Un peuple utilitariste, intéressé et cupide
Les bien-pensants, qui refusent d’admettre ces réalités, ne comprennent pas que le peuple puisse être à ce point différend d’eux, aussi dénué de scrupules, aussi peu attaché aux principes. Bref, aussi utilitariste, intéressé voire cupide.
Or, les Tunisiens, pris dans leur ensemble, ne sont pas moins stupides que d’autres peuples qui ont porté aux commandes des agitateurs populistes, des stars de télévision ou des décervelés qui ont failli mettre le feu aux poudres dans leurs pays respectifs. Mais ils sont, à certains égards, plus excusables, car ils viennent juste de découvrir la démocratie représentative et l’image qu’on leur en a donnée jusque-là est lamentablement déprimante : palabres à n’en plus finir, querelles de chapelles, appauvrissement généralisé…
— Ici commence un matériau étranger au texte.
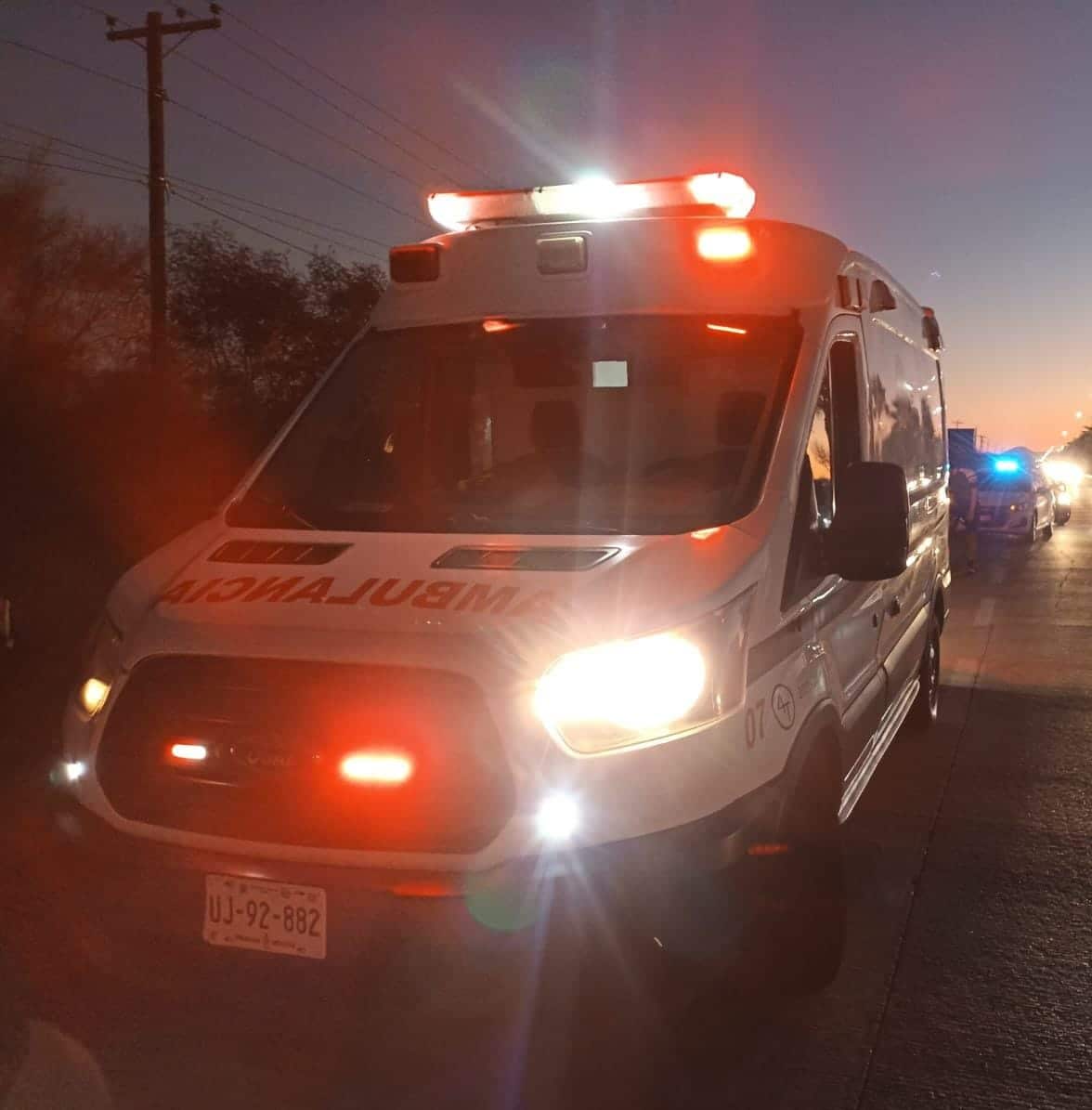 Sujetos atacan con navajas a un joven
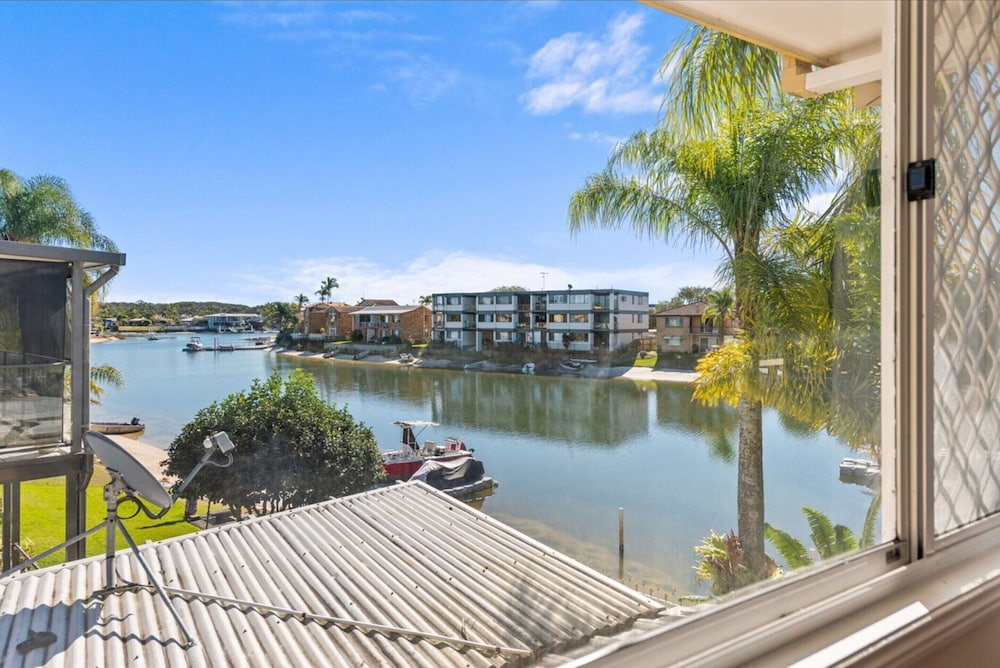 Family Friendly 2 Bed Flat With Balcony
Alors, Kaïs Saïed, Safi Saïd ou K2Rhym, quelle différence ? On est toujours trompé par quelqu’un, alors autant en tirer quelque bakchich, semblent dire ceux qui sont aujourd’hui prêts à voter pour le richissime rappeur.
Dans un pays qui s’enfonce inexorablement dans la crise et se trouve confronté à la menace sérieuse de faillite et d’effondrement, au point de frapper aujourd’hui à la porte du Club de Paris pour faire rééchelonner sa dette extérieure, un tel raisonnement intéressé n’est pas surprenant, d’autant que l’appauvrissement intellectuel généralisé auquel nous assistons dans notre pays fait que ce sont les plus médiocres et les moins compétents qui occupent désormais les plus hauts postes à la tête de l’Etat.
Dans un post publié il y a deux jours sur sa page facebook, l’ancien ambassadeur Elyes Kasri a justement écrit à ce sujet cette réflexion avec laquelle nous aimerions conclure notre article: «Si des personnalités de spectacle politique et artistique sont considérées aptes à assumer la fonction présidentielle, c’est qu’aux yeux des sondés, pour représentatifs qu’ils puissent l’être, la présidence de la république a perdu son aura et son rôle au sein de la société pour devenir une scène de spectacle et de divertissement populaire. Certains pourraient y voir une conséquence logique du populisme et de la dégradation du discours et de la fonction présidentiels ainsi que l’expression du désespoir et du fatalisme des tunisiens qui se résignent à leur sombre destin et n’attendent plus de la présidence de la république que quelques moments d’évasion et de divertissement.»